:: Assigned task ::
Copy nothing from the entries below except the lines from the one containing "Люкс, Robert Porter House Inn" through the one containing "Dekorativ svampefigur med", and copy those exactly.

-- Stored data follows --

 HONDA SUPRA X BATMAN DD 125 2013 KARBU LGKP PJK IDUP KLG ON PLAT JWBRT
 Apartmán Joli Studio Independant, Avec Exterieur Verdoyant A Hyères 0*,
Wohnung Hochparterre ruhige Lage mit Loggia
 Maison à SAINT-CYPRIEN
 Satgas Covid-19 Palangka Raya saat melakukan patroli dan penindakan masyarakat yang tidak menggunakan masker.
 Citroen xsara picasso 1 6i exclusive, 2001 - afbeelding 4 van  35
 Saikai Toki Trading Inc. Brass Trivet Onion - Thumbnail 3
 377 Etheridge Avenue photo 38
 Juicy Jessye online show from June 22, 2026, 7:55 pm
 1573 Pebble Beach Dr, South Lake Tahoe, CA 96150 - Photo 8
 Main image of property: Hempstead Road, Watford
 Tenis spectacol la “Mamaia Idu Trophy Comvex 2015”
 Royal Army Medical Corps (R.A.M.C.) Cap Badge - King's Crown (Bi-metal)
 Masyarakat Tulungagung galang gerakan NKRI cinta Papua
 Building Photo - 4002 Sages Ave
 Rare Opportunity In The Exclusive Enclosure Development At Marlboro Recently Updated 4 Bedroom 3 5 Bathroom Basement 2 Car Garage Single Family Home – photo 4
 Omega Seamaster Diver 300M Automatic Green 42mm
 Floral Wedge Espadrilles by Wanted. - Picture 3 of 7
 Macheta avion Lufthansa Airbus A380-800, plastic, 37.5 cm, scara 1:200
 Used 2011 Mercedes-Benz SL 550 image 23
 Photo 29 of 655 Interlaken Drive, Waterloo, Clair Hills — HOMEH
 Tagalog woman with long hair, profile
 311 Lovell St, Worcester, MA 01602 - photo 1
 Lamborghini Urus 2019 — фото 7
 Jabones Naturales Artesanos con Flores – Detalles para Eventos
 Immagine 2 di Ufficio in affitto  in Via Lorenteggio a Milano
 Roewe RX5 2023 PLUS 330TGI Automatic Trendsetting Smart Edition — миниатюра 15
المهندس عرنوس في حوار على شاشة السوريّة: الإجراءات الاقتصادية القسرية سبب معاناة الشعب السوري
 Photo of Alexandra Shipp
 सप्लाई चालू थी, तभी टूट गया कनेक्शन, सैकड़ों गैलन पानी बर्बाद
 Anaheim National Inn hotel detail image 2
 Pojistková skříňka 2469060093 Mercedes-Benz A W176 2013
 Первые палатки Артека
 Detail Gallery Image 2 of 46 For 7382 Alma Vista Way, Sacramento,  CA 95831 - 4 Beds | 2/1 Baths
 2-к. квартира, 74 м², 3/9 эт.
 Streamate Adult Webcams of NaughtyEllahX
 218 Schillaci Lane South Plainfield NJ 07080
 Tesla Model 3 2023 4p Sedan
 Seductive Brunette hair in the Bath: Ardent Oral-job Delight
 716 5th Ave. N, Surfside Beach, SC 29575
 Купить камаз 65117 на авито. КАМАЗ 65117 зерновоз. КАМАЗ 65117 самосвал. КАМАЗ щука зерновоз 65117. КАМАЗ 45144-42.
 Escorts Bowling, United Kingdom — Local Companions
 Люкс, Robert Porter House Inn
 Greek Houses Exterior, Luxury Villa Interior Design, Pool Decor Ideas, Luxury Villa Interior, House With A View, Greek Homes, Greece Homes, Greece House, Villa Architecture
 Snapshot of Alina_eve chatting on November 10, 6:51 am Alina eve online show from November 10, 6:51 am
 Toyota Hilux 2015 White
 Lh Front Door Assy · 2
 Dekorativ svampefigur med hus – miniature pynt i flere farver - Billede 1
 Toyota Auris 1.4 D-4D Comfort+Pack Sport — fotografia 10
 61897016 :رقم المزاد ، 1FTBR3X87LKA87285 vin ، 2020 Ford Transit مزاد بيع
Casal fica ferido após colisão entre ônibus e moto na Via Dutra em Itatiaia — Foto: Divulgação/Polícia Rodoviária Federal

-- Stored data concluded --

:: Exercise solution ::
 Люкс, Robert Porter House Inn
 Greek Houses Exterior, Luxury Villa Interior Design, Pool Decor Ideas, Luxury Villa Interior, House With A View, Greek Homes, Greece Homes, Greece House, Villa Architecture
 Snapshot of Alina_eve chatting on November 10, 6:51 am Alina eve online show from November 10, 6:51 am
 Toyota Hilux 2015 White
 Lh Front Door Assy · 2
 Dekorativ svampefigur med hus – miniature pynt i flere farver - Billede 1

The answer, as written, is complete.